The Australian Tax Office has reported that the amount of money held in unclaimed superannuation accounts jumped 21.3 per cent to $17.9 billion in the year to June 2017.
Of that lost super, $3.85 billion is held by the ATO and $14.1 billion in super funds themselves. Lost funds are those in the names of people who are uncontactable and who have not made a contribution for five years, and they are scattered right across the country.
The top 10 regions for lost super
Having money in unclaimed super means you are probably losing out in one of two ways. If the ATO has your funds you are only paid an interest rate of 2 per cent a year which is about the inflation rate, so your funds aren’t growing at all.
Lost accounts with small balances end up with the ATO because it has the right to hoover up all balances below $6000.
Balances above that level stay with the fund where they are likely to earn up to 10 per cent. While that sounds better than 2 per cent, many of the lost accounts result from people who change jobs and keep multiple accounts open, paying fees for insurance and administration in all of them and unnecessarily reducing balances.
The Association of Superannuation Funds of Australia (ASFA) is calling for legislative change to ensure monies aren’t stuck with the ATO.
Glen McCrae, ASFA policy chief, told The New Daily “the nearly $4 billion with the ATO in unpaid super should be redirected to people’s active accounts. Our figures show that if you have more than $2000 it is better off in an active account.”

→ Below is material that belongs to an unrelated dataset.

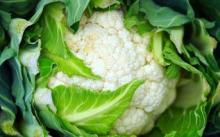 Cabbage helps to strengthen the brain cells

That’s because at that level the stronger returns in a super fund outweigh the fees charged. “One way to greatly improve the system is to have the ATO, which has the details of the active superannuation accounts for most individuals with unclaimed super, to return unclaimed funds currently captured by legislated threshold transfers,” Mr McCrae said.
To do that the government would need to change legislation, but Mr McCrae said the mechanics would be easy to implement for the ATO. The fact that the ATO has tax file numbers (TFN) and other information “makes it relatively easy for the Commissioner to match lost member account owners with their current active superannuation accounts,” he said.
You don’t have to wait for a change in the law to reclaim your super. Anyone with a TFN can log into the MyGov website, link to the ATO to track down and transfer super accounts.
Australians appear to be catching on to the need to avoid having multiple super funds.
Three years ago the ATO figures showed that only 55.13 per cent of fund members had only one account. By June this year this had risen to 60 per cent while the number of people with three accounts had slipped from 10.78 per cent to 9.2 per cent.
Males are more likely to have multiple accounts than females while people while middle aged people are the most likely to have multiple accounts.
The $17.9 billion in unclaimed super is currently held in 6.3 million accounts.